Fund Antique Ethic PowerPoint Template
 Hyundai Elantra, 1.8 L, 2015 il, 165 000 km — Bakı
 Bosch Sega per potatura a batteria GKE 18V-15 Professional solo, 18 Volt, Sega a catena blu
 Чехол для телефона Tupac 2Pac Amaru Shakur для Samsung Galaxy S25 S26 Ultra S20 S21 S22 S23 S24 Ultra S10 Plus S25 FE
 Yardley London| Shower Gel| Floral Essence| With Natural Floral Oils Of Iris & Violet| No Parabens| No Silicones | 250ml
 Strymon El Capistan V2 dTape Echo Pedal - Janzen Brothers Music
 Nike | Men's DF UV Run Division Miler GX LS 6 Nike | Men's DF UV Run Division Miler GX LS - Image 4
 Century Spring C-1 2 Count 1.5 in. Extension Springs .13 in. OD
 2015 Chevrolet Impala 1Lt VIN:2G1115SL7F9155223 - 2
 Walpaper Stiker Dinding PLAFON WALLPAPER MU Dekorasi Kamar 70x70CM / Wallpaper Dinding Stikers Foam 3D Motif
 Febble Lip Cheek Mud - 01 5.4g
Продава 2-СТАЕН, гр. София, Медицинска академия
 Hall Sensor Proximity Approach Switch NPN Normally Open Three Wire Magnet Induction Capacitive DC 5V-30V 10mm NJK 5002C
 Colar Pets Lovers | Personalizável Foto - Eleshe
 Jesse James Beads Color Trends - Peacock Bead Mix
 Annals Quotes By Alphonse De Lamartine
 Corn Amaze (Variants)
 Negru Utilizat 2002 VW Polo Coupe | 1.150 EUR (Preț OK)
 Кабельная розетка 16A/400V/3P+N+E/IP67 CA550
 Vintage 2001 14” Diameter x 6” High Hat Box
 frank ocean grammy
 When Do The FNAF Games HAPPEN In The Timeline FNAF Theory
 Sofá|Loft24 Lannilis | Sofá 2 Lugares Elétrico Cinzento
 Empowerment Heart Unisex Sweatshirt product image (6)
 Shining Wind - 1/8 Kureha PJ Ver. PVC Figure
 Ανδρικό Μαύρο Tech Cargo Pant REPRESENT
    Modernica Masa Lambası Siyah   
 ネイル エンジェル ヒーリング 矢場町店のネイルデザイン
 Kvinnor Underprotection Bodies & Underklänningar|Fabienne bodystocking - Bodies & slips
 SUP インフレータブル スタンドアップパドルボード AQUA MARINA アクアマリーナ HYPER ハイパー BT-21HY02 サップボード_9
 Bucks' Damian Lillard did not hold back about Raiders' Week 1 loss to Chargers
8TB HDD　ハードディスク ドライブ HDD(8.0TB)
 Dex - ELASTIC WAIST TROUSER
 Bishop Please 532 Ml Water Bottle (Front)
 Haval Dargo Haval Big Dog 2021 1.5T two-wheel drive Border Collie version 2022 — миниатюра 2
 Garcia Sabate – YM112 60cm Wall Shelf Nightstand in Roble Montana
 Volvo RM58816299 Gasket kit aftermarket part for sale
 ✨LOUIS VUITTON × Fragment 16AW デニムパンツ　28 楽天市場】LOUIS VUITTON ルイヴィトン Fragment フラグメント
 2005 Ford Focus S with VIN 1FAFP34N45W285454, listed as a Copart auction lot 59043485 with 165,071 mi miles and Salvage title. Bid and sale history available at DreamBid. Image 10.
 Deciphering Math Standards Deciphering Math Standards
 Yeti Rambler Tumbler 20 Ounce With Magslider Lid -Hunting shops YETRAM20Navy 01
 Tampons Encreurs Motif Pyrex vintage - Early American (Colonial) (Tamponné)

# [YOUR GOAL]
Every piece of the data must be set down exactly. Omit nothing.

# [COMPLETED EXERCISE]
Fund Antique Ethic PowerPoint Template
 Hyundai Elantra, 1.8 L, 2015 il, 165 000 km — Bakı
 Bosch Sega per potatura a batteria GKE 18V-15 Professional solo, 18 Volt, Sega a catena blu
 Чехол для телефона Tupac 2Pac Amaru Shakur для Samsung Galaxy S25 S26 Ultra S20 S21 S22 S23 S24 Ultra S10 Plus S25 FE
 Yardley London| Shower Gel| Floral Essence| With Natural Floral Oils Of Iris & Violet| No Parabens| No Silicones | 250ml
 Strymon El Capistan V2 dTape Echo Pedal - Janzen Brothers Music
 Nike | Men's DF UV Run Division Miler GX LS 6 Nike | Men's DF UV Run Division Miler GX LS - Image 4
 Century Spring C-1 2 Count 1.5 in. Extension Springs .13 in. OD
 2015 Chevrolet Impala 1Lt VIN:2G1115SL7F9155223 - 2
 Walpaper Stiker Dinding PLAFON WALLPAPER MU Dekorasi Kamar 70x70CM / Wallpaper Dinding Stikers Foam 3D Motif
 Febble Lip Cheek Mud - 01 5.4g
Продава 2-СТАЕН, гр. София, Медицинска академия
 Hall Sensor Proximity Approach Switch NPN Normally Open Three Wire Magnet Induction Capacitive DC 5V-30V 10mm NJK 5002C
 Colar Pets Lovers | Personalizável Foto - Eleshe
 Jesse James Beads Color Trends - Peacock Bead Mix
 Annals Quotes By Alphonse De Lamartine
 Corn Amaze (Variants)
 Negru Utilizat 2002 VW Polo Coupe | 1.150 EUR (Preț OK)
 Кабельная розетка 16A/400V/3P+N+E/IP67 CA550
 Vintage 2001 14” Diameter x 6” High Hat Box
 frank ocean grammy
 When Do The FNAF Games HAPPEN In The Timeline FNAF Theory
 Sofá|Loft24 Lannilis | Sofá 2 Lugares Elétrico Cinzento
 Empowerment Heart Unisex Sweatshirt product image (6)
 Shining Wind - 1/8 Kureha PJ Ver. PVC Figure
 Ανδρικό Μαύρο Tech Cargo Pant REPRESENT
    Modernica Masa Lambası Siyah   
 ネイル エンジェル ヒーリング 矢場町店のネイルデザイン
 Kvinnor Underprotection Bodies & Underklänningar|Fabienne bodystocking - Bodies & slips
 SUP インフレータブル スタンドアップパドルボード AQUA MARINA アクアマリーナ HYPER ハイパー BT-21HY02 サップボード_9
 Bucks' Damian Lillard did not hold back about Raiders' Week 1 loss to Chargers
8TB HDD　ハードディスク ドライブ HDD(8.0TB)
 Dex - ELASTIC WAIST TROUSER
 Bishop Please 532 Ml Water Bottle (Front)
 Haval Dargo Haval Big Dog 2021 1.5T two-wheel drive Border Collie version 2022 — миниатюра 2
 Garcia Sabate – YM112 60cm Wall Shelf Nightstand in Roble Montana
 Volvo RM58816299 Gasket kit aftermarket part for sale
 ✨LOUIS VUITTON × Fragment 16AW デニムパンツ　28 楽天市場】LOUIS VUITTON ルイヴィトン Fragment フラグメント
 2005 Ford Focus S with VIN 1FAFP34N45W285454, listed as a Copart auction lot 59043485 with 165,071 mi miles and Salvage title. Bid and sale history available at DreamBid. Image 10.
 Deciphering Math Standards Deciphering Math Standards
 Yeti Rambler Tumbler 20 Ounce With Magslider Lid -Hunting shops YETRAM20Navy 01
 Tampons Encreurs Motif Pyrex vintage - Early American (Colonial) (Tamponné)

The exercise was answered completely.